Method and properties
In an election or referendum, the ballot of a single voter is selected at random, and that ballot decides the result of the election.  In this way, each candidate or option wins with a probability exactly equal to the fraction of the electorate favouring that candidate or option.

The random ballot method is decisive, in that there is no possibility of a tied vote, assuming that the selected voter has expressed a preference (if not then another ballot can be selected at random).
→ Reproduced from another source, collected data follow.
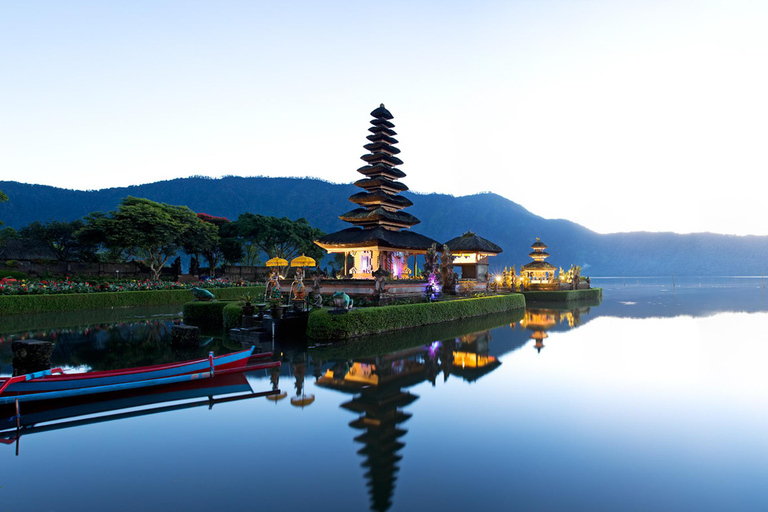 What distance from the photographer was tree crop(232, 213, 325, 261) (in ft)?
180

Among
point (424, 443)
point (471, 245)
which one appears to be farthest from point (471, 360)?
point (471, 245)

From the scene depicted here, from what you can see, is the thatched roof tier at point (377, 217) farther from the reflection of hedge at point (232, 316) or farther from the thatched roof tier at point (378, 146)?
the reflection of hedge at point (232, 316)

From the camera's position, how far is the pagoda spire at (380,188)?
30812 millimetres

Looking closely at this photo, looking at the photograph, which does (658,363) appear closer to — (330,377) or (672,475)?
(672,475)

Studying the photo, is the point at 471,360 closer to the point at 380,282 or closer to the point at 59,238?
the point at 380,282

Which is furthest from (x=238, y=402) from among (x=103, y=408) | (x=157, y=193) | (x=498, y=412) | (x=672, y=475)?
(x=157, y=193)

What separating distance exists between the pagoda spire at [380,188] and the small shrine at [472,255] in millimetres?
11349

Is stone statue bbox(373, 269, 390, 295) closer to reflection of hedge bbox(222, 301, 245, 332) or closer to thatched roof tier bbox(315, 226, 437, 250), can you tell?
thatched roof tier bbox(315, 226, 437, 250)

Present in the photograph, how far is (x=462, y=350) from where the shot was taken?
16.0 m

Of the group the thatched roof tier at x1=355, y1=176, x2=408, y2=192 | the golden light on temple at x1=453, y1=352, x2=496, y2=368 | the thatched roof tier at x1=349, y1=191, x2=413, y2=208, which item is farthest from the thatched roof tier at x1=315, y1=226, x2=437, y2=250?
the golden light on temple at x1=453, y1=352, x2=496, y2=368

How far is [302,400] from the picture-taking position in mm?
9477

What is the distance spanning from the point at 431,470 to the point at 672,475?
3454mm

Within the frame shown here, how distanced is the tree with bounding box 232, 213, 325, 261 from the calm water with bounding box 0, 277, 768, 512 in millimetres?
41816

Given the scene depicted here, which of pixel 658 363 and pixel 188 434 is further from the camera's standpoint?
pixel 658 363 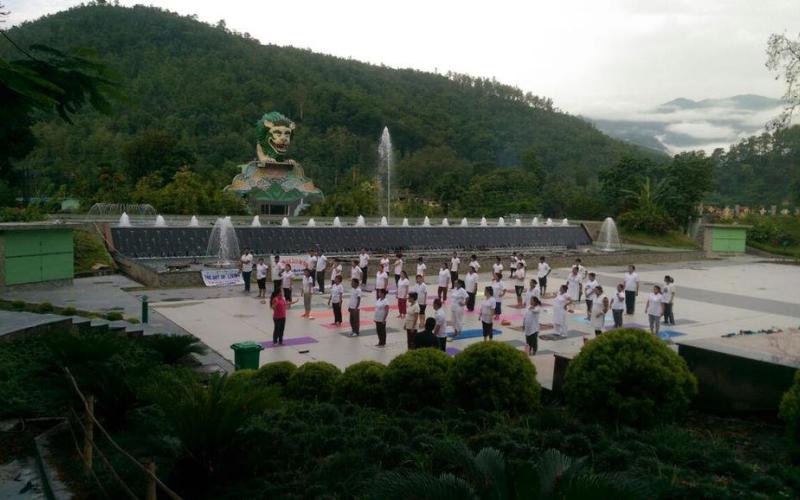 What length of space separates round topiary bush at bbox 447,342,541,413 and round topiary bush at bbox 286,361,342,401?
5.29ft

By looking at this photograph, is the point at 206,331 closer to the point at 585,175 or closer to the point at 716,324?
the point at 716,324

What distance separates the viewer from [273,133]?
1529 inches

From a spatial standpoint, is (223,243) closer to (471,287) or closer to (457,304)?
(471,287)

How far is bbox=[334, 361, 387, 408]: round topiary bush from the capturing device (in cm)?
714

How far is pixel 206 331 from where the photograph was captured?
496 inches

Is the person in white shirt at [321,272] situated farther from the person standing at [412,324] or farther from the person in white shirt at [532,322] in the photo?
the person in white shirt at [532,322]

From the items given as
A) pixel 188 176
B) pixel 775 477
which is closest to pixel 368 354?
pixel 775 477

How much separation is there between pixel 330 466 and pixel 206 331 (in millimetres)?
8274

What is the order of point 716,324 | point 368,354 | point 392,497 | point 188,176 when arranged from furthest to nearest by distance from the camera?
1. point 188,176
2. point 716,324
3. point 368,354
4. point 392,497

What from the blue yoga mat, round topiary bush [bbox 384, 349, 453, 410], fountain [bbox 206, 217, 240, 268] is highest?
fountain [bbox 206, 217, 240, 268]

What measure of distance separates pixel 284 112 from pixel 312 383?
255ft

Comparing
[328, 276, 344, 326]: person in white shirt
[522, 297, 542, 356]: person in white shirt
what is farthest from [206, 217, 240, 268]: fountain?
[522, 297, 542, 356]: person in white shirt

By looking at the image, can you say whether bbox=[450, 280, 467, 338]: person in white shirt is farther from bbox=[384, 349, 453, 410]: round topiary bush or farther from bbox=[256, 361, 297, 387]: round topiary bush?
bbox=[384, 349, 453, 410]: round topiary bush

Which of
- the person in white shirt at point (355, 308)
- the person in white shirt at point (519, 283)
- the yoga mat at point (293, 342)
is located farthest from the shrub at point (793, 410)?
the person in white shirt at point (519, 283) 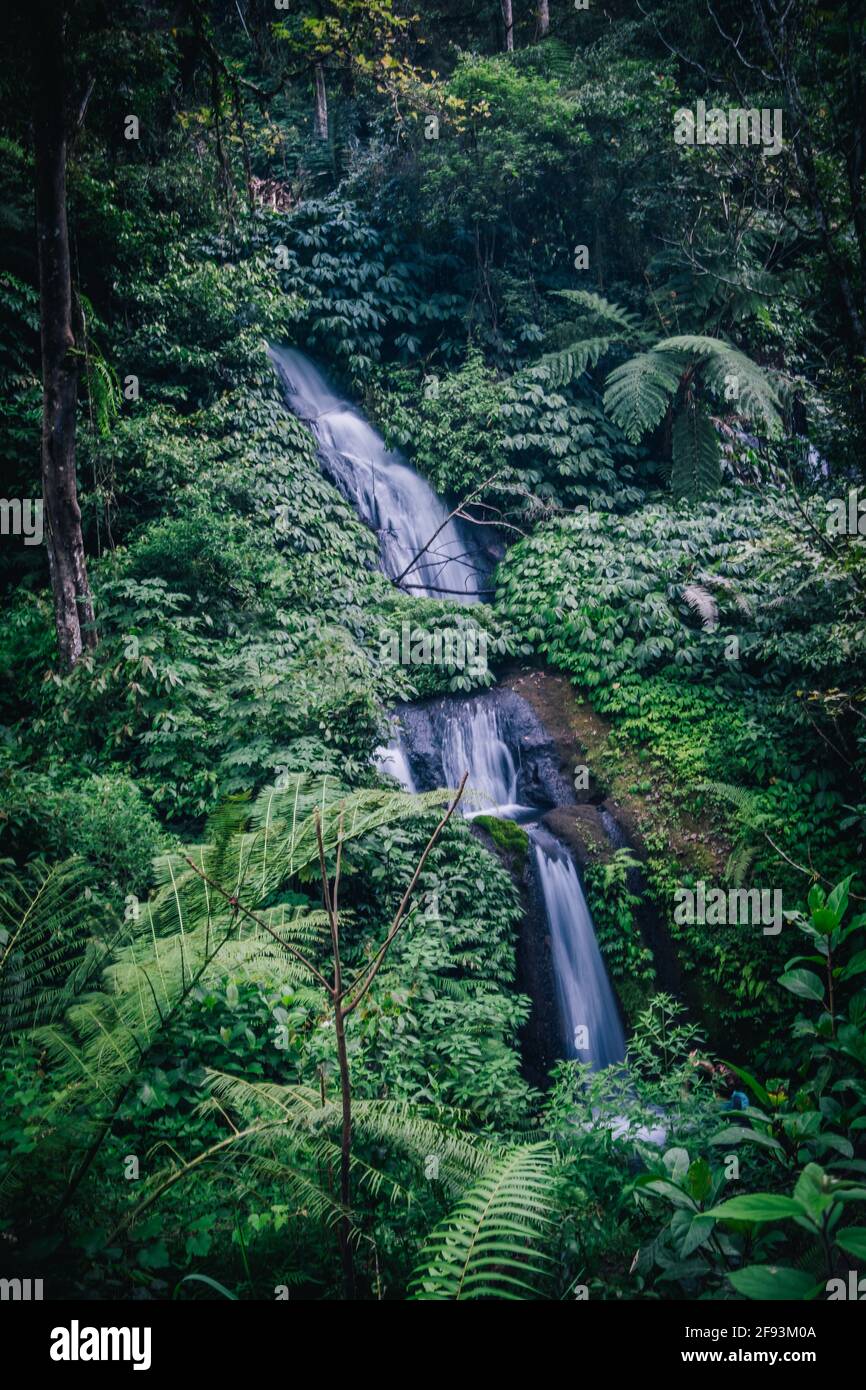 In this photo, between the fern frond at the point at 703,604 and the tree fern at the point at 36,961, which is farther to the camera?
the fern frond at the point at 703,604

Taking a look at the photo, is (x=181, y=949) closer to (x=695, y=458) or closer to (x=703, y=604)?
(x=703, y=604)

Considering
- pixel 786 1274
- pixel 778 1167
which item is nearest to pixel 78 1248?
pixel 786 1274

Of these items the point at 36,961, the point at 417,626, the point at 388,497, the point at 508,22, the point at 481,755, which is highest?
the point at 508,22

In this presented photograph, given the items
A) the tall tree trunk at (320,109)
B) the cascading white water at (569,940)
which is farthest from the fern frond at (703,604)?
the tall tree trunk at (320,109)

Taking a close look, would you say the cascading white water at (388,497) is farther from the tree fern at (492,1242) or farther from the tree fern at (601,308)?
the tree fern at (492,1242)

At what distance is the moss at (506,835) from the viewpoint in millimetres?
6727

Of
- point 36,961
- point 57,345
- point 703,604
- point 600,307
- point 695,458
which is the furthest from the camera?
point 600,307

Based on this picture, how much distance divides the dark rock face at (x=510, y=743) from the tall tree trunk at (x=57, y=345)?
3.32m

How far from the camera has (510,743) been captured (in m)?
8.41

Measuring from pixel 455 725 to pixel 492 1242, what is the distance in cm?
627

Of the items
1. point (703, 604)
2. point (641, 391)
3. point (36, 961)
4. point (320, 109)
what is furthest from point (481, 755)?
point (320, 109)

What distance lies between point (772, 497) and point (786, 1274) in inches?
396

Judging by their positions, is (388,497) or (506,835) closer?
(506,835)

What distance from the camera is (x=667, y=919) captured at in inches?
263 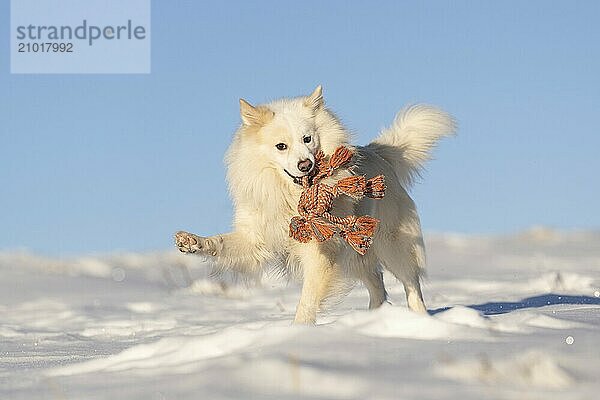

It is unbiased, in that the probability of a particular result is equal to the proportion of total support that that result has in all the votes.  When used in a single-winner contest, it is also strategyproof, in that there is no advantage in tactical voting.  But it is not deterministic, in that a different random selection could have produced a different result, and it does not conform to majority rule since there is a possibility that the selected voter may be in the minority.

Emergent properties

If the random ballot is used to select the members of a multi-constituency body, it can serve to retain the attractive features of both first past the post and proportional representation.

As the winner of each ballot is chosen randomly, the party with the largest vote share is most likely to get the greatest number of candidates. In fact, as the number of ballots grows, the percentage representation of each party in the elected body will get closer and closer to their actual proportion of the vote across the entire electorate. At the same time, the chance of a randomly selected highly unrepresentative body diminishes.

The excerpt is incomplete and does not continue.